▸ **WHAT IS NEEDED**
Extract, word for word, each line from the line holding "Tentes et un" through the end of the records. Omit every picture.

▸ **RECORDED INFORMATION**
▼

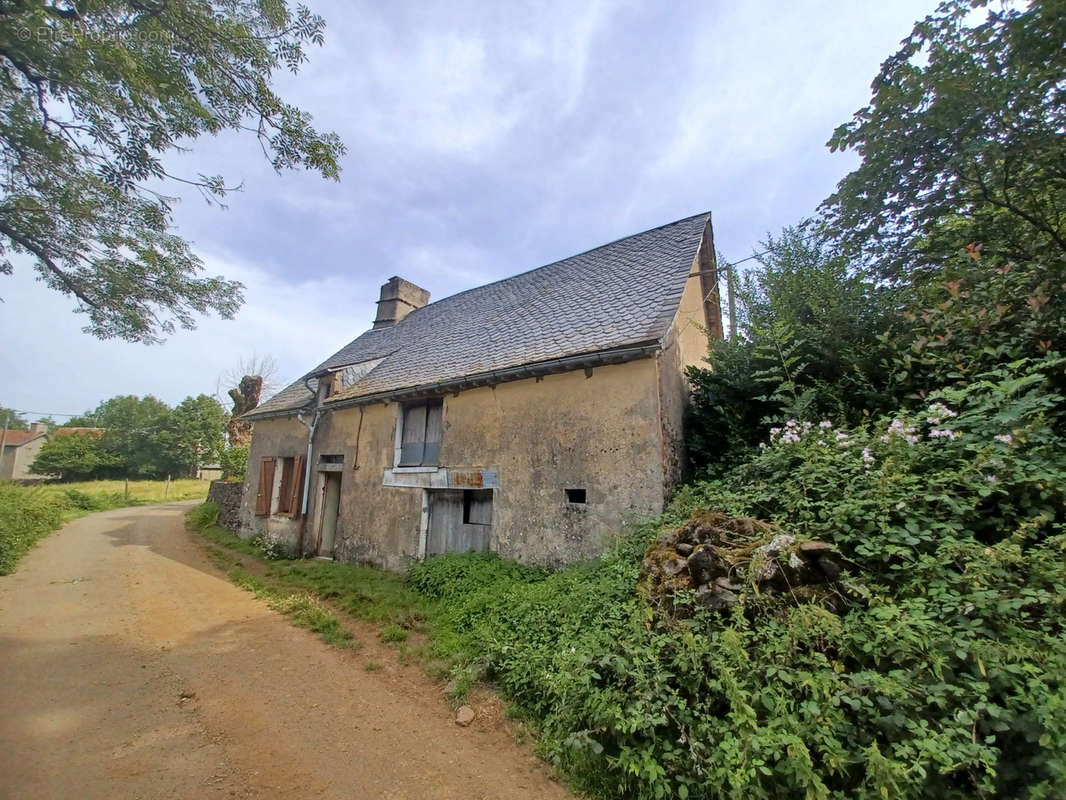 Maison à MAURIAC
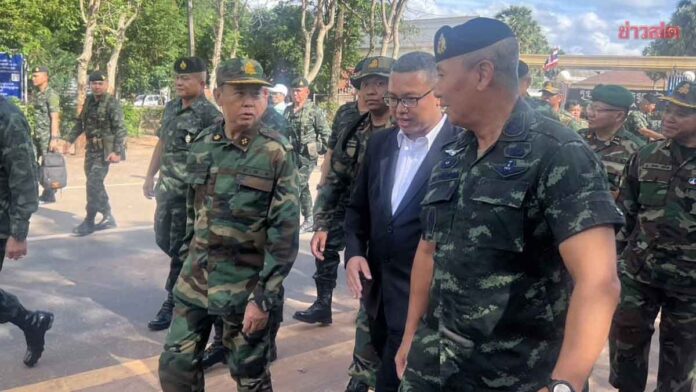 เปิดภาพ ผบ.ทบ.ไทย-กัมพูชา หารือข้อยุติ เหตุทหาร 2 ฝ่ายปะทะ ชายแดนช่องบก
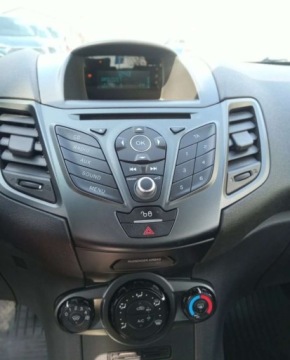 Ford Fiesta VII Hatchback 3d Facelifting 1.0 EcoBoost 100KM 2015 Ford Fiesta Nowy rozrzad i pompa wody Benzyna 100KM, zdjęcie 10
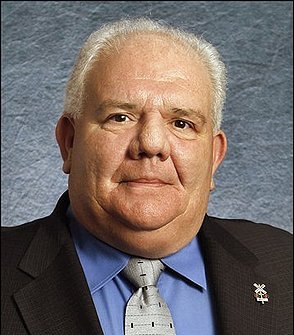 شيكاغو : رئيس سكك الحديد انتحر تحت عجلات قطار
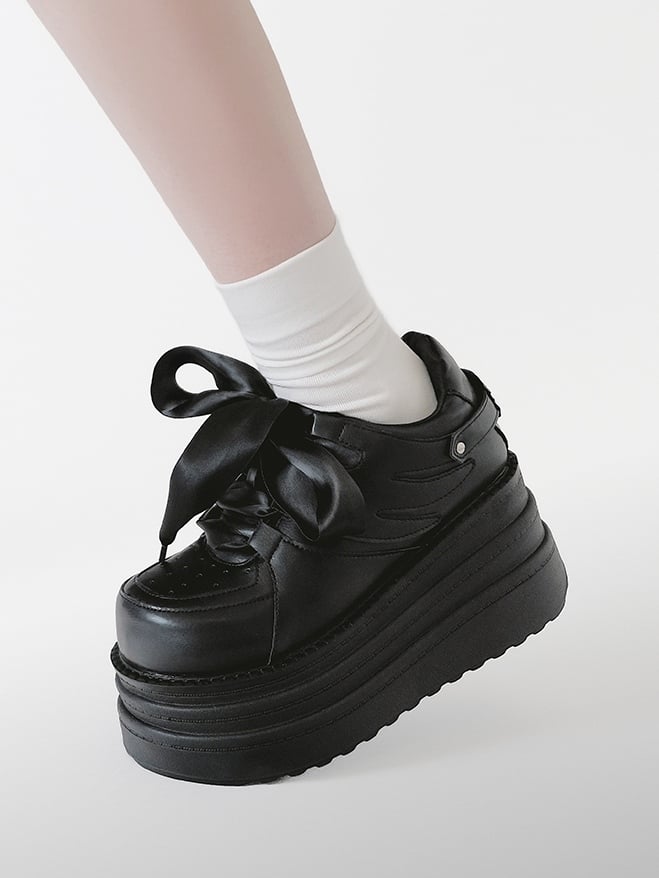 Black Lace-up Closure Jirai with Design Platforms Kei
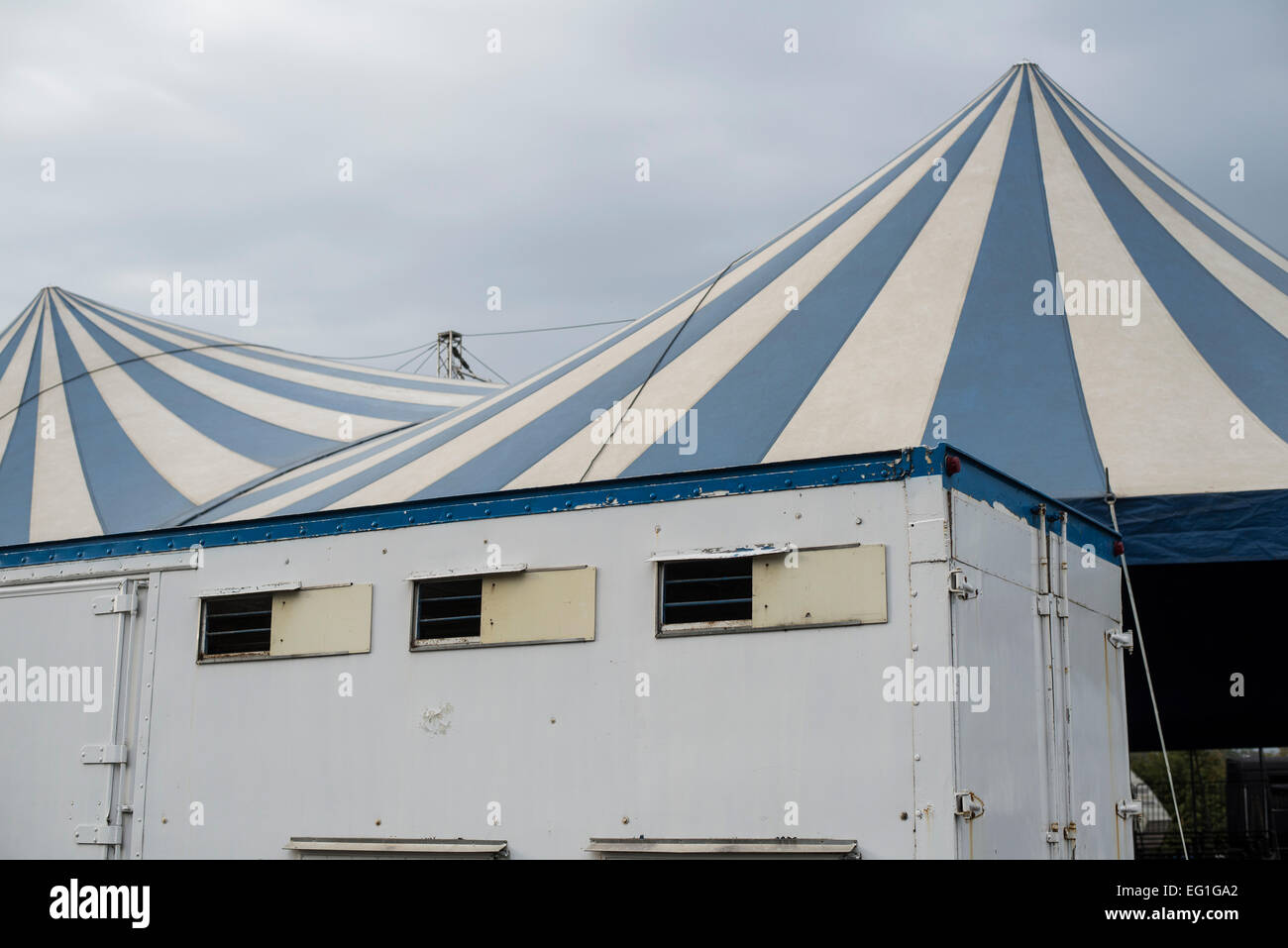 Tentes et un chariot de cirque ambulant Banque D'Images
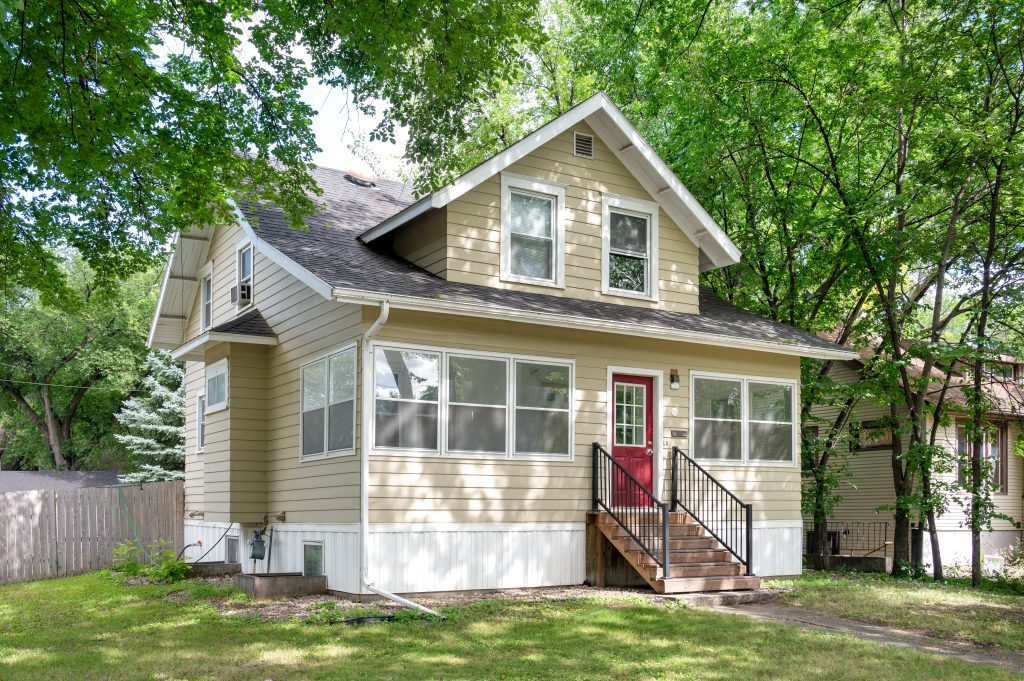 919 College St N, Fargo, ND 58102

▲

▸ **TASK RESULT**
 Tentes et un chariot de cirque ambulant Banque D'Images
 919 College St N, Fargo, ND 58102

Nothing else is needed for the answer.